Gusto’s main plans currently start at $35/month + $6 per contractor for Contractor Only, $49/month + $6 per person for Simple, $80/month + $12 per person for Plus, and $180/month + $22 per person for Premium. Gusto also lists Gusto Global at $599 per employee per month through March 15, 2026, increasing to $699 thereafter.
Does Gusto charge per employee?
Yes. Gusto’s pricing is built around a monthly base fee plus a per-person fee, so your total monthly cost rises as you add employees or contractors. Gusto also says U.S. contractors are billed only in the months when they’re paid.
Does Gusto have a contractor-only plan?
Yes. Gusto offers a Contractor Only plan for businesses that do not need to pay W-2 employees. Its help center says this plan supports U.S. independent contractors who need a 1099-NEC and that these accounts cannot have any pre-existing or dismissed W-2 employees.
What extra features can increase the total cost?
Gusto lists several optional extras that can raise your monthly spend, including Next-Day Pay, Same-Day Pay, Instant Pay, Time & Attendance Plus, Priority Support, and HR Resources. Those extras can make the real monthly total meaningfully higher than the base plan price, especially as headcount grows.
Can Gusto pay international contractors?
Yes.

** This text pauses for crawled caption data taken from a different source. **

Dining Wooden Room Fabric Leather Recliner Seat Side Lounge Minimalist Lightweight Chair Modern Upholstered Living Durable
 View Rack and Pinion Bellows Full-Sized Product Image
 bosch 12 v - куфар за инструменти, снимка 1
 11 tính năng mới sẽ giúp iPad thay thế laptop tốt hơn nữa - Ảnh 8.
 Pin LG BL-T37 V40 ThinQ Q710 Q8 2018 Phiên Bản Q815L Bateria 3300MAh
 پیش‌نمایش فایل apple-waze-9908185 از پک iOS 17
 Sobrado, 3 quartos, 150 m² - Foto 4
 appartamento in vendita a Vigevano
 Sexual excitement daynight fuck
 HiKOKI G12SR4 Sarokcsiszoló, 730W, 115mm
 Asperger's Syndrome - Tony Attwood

Gusto’s support documentation says admins can add and pay non-U.S. contractors through the platform. It also notes one limitation: Gusto does not support payments for U.S. citizens working in other countries through that international contractor flow.
Can Gusto help hire and pay employees outside the U.S.?
Yes, through Employer of Record services powered by Remote. Gusto says this service lets companies hire and pay full-time employees outside the U.S., with pricing starting at $599 per employee per month. Its help center also says you must fully onboard and run payroll for at least one U.S. employee first before adding non-U.S. employees through this flow.
Does Gusto offer unlimited payroll runs?
Yes. Gusto says every plan includes unlimited payroll runs, and it specifically notes that it does not charge extra for off-cycle payrolls.
Is Gusto a good fit for small businesses?
Gusto is clearly positioned toward small and midsize businesses that want payroll, benefits, and HR tools in one platform. Whether it’s the right fit depends on your team size, whether you need multi-state or global support, and how many add-ons you expect to use. That last sentence is an inference based on Gusto’s published plans, features, and add-on pricing.